EXERCISE AIM: Omit every picture, then give all the entries again exactly.

=== THE RECORDS ===

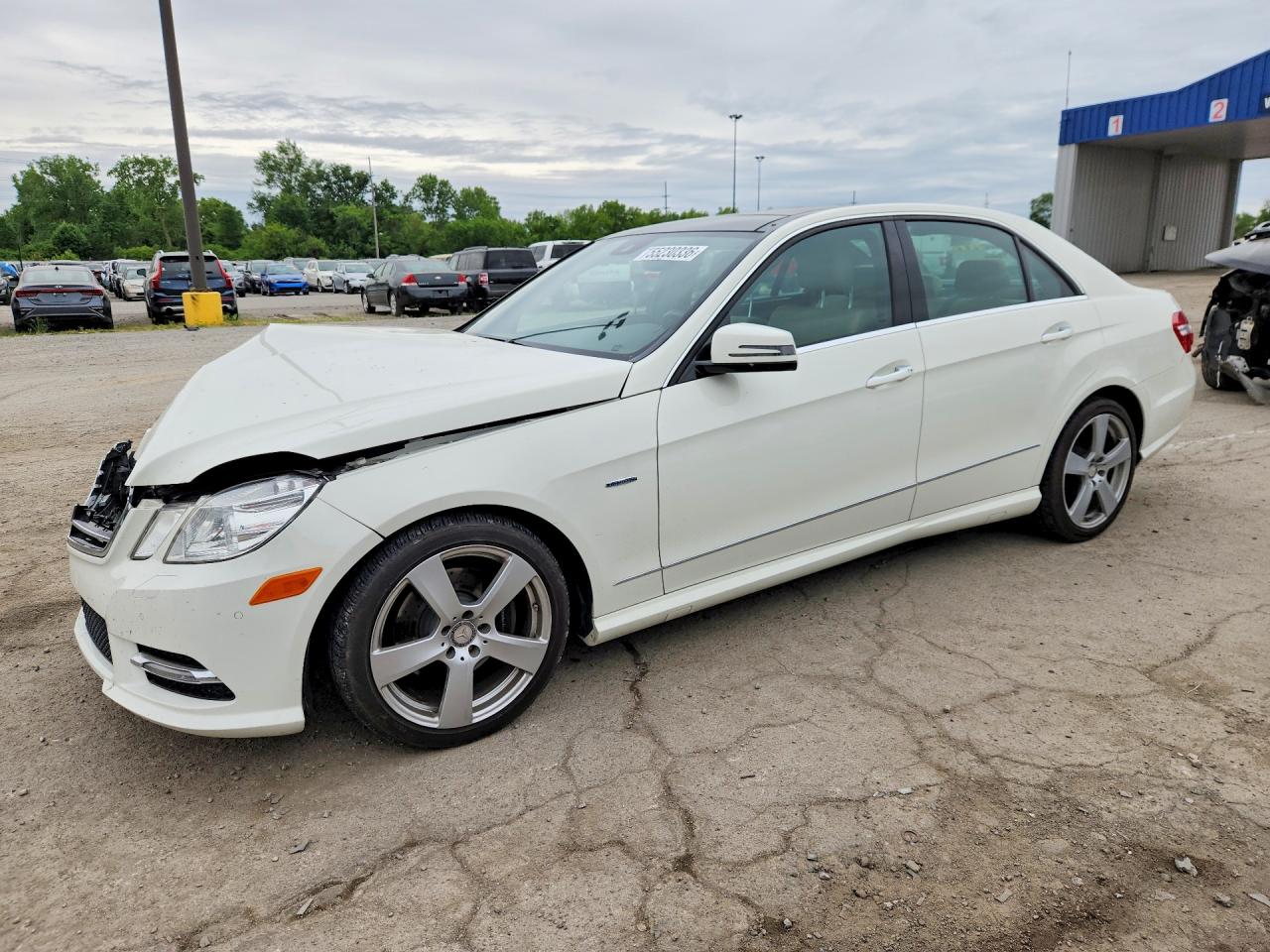 WDDHF8JB9CA628837 · 2012 MERCEDES-BENZ E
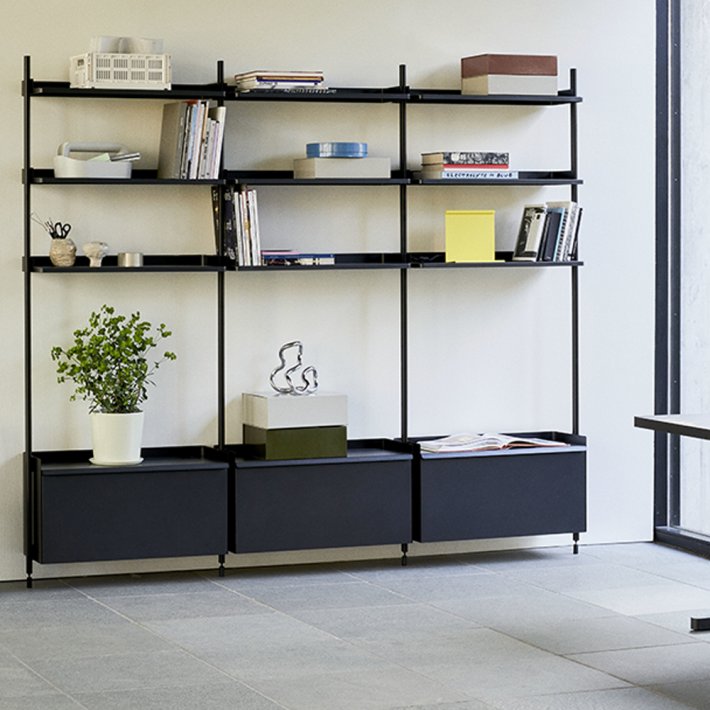 HAY - Pier System 133 I 3 Columns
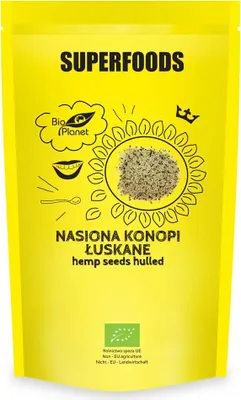 Produktbild von -geschälte Hanfsamen 200 g –  PLANET SUPERFOODS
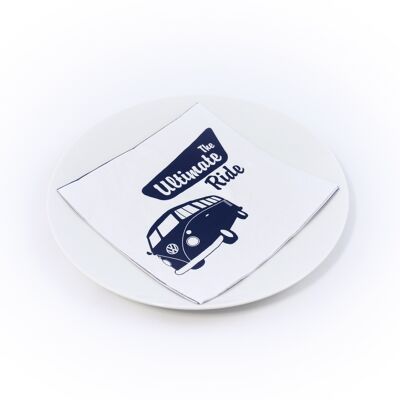 VOLKSWAGEN BUS VW T1 Bus Towels - The Ultimate Ride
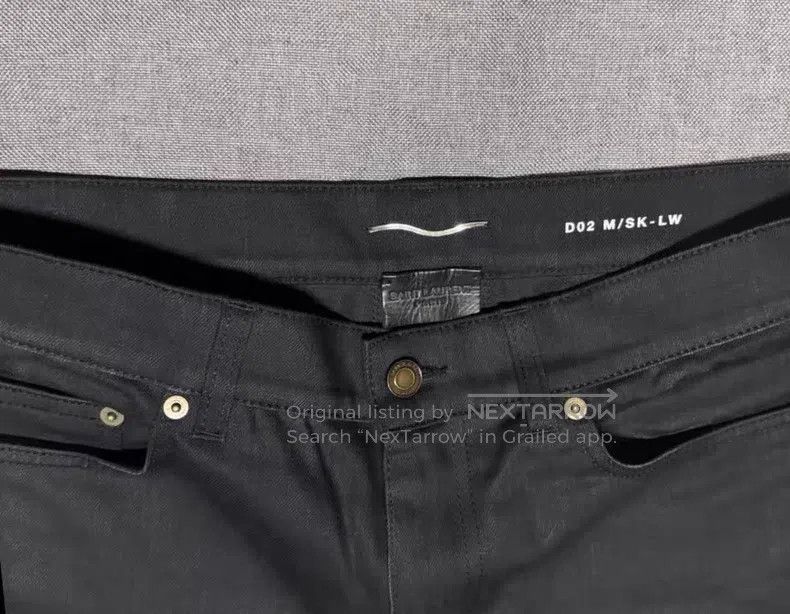Saint Laurent Paris #REF! Size US 31 - 5 Thumbnail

===

RESPONSE AREA:
 WDDHF8JB9CA628837 · 2012 MERCEDES-BENZ E
 HAY - Pier System 133 I 3 Columns
 Produktbild von -geschälte Hanfsamen 200 g –  PLANET SUPERFOODS
 VOLKSWAGEN BUS VW T1 Bus Towels - The Ultimate Ride
Saint Laurent Paris #REF! Size US 31 - 5 Thumbnail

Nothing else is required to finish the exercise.